The full report can be found online here.

Neighborhood Affordability in San Francisco

Where You Can Buy for the Money You Want to Spend

San Francisco Home Sales by Neighborhood

You want to buy a house in San Francisco for under a million dollars, or for over $2 million, or you have $1,800,000 to spend on a luxury condo with a spectacular view. If you’re buying a house in San Francisco, your price range effectively determines the possible neighborhoods to consider. That does not apply quite as much to condos and TICs, except for sales in the luxury segment: generally speaking, in neighborhoods with high numbers of condo and TIC sales, there are buying options at a wide range of price points, though, obviously, size and quality will vary. Also, all the new condo projects being built in many different areas of the city is changing the neighborhood pricing dynamic for condos.

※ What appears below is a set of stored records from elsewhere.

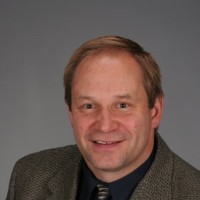 Stuart Bailey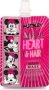 Mad Beauty Disney Mickey And Friends Hair Mask - You& 39 Re All Heart & Hair Single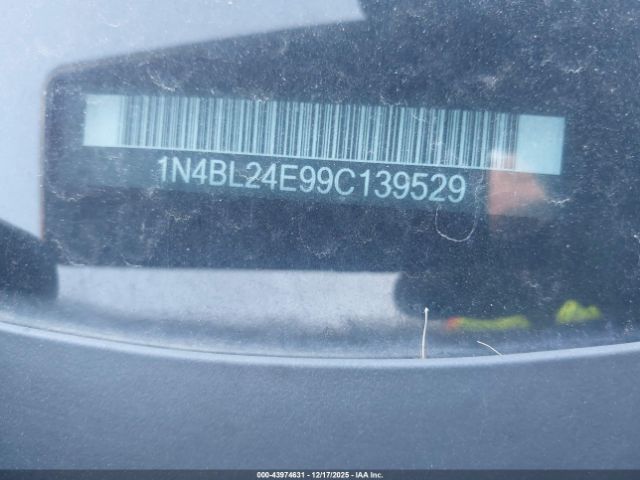 Nissan Altima 3.5 Se Image 8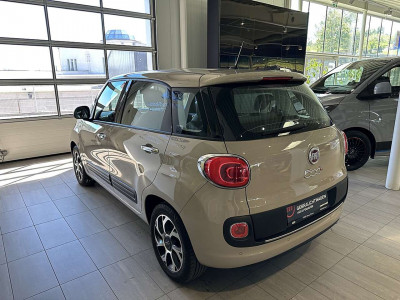 Fiat 500L Gebrauchtwagen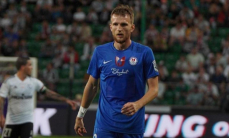 «Пытается вернуться». Иностранный форвард сравнил «Женис» и «Ордабасы»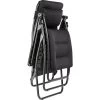 Lafuma RSX CLIP AirComfort Relaxsessel Anthrazit -Campingmöbel Geschäft 333773 2203329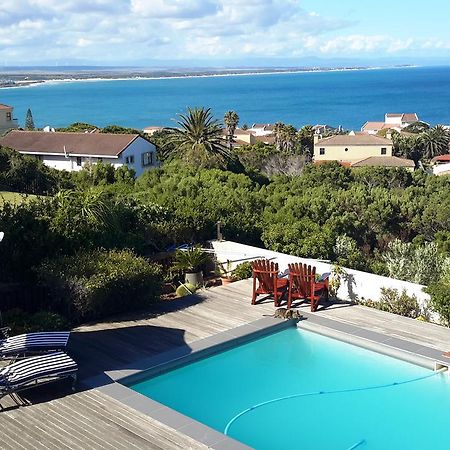 Palamos On Sea Hotel St Francis Bay Eksteriør billede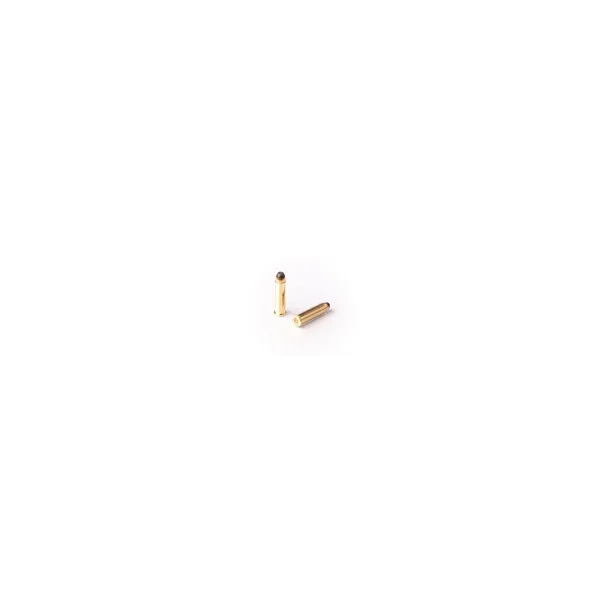 BOITE DE 50 CARTOUCHES FIOCCHI CAL.357 MAGNUM 158GRS - CATEGORIE B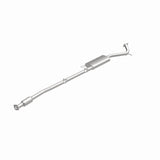 MagnaFlow 19-20 Hyundai Santa Fe L4 2.4L OEM Underbody Single Direct-Fit Catalytic Converter - 23-140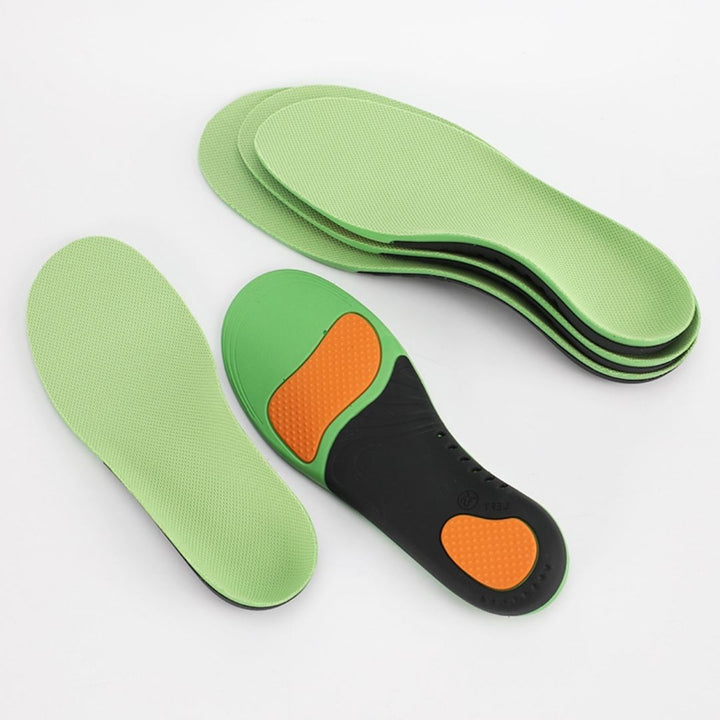 Premium Insoles for Support and Comfort - FootEase-3–5-State of Style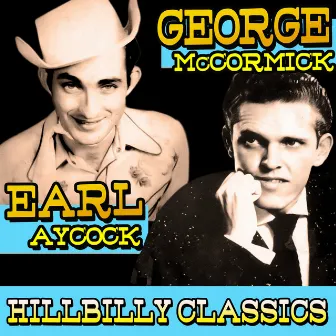 Hillbilly Classics by George McCormick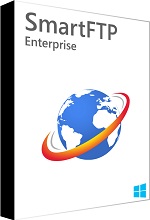 SmartFTP Enterprise v9.0.2679.0 Multilingual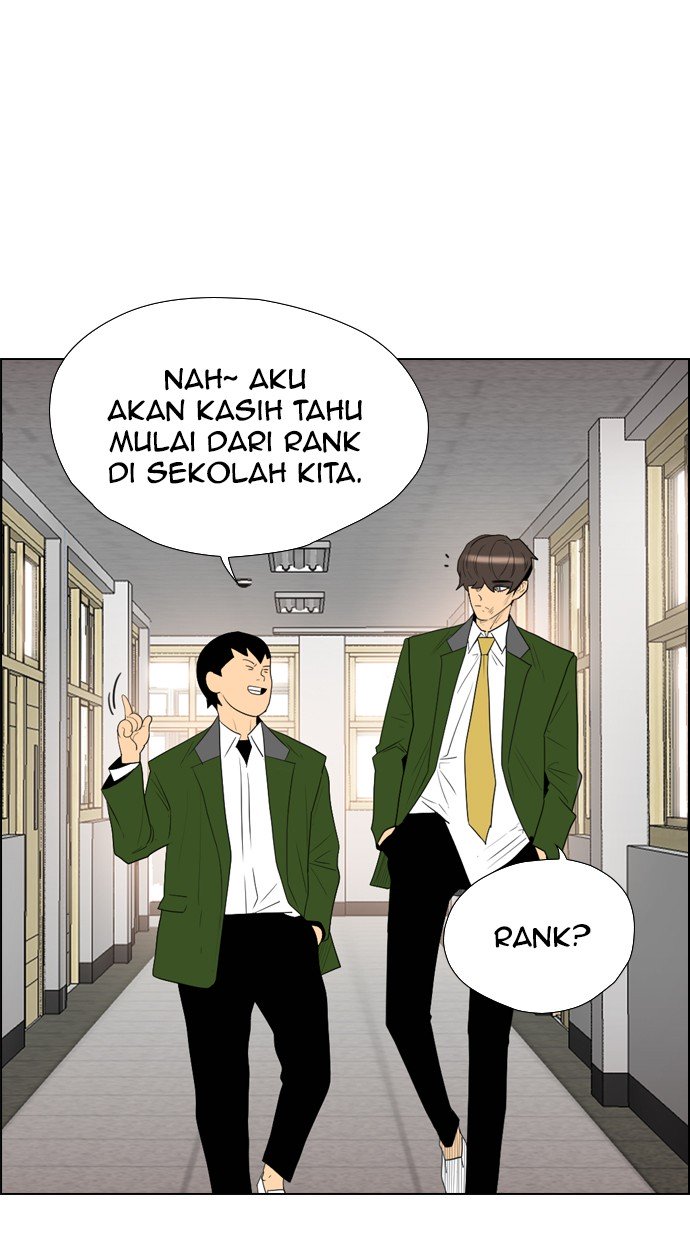 Reawaken Man Chapter 114 Gambar 43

For your convenience, a neighborhood map can be found at the bottom of this report.

The charts below are based upon sales reported to MLS in the 12 months between March 1, 2013 and February 28, 2014. We’ve broken out the neighborhoods with the most sales within given price points. There are exceptions to neighborhood norms scattered throughout the city and in an appreciating market these price ranges having been moving upward.

Buying a House for Under $1 million in San Francisco

Out of the approximately 2635 house sales in the past year, about 50% sold for under $1 million. The vast majority of these sales occur in a large swath of neighborhoods forming a giant L shape, down the west side of the city, from Outer Richmond to the border with Daly City, and then sweeping east across the southern side of San Francisco to Bayview and Hunter’s Point. Generally speaking, the western and central-ish neighborhoods cost more than the southern neighborhoods in this under $1m house market.

Houses in these neighborhoods began their recovery from the market downturn a step or two behind more expensive areas in San Francisco, but now the markets here are red hot and very competitive, and home prices are under very strong upward pressure.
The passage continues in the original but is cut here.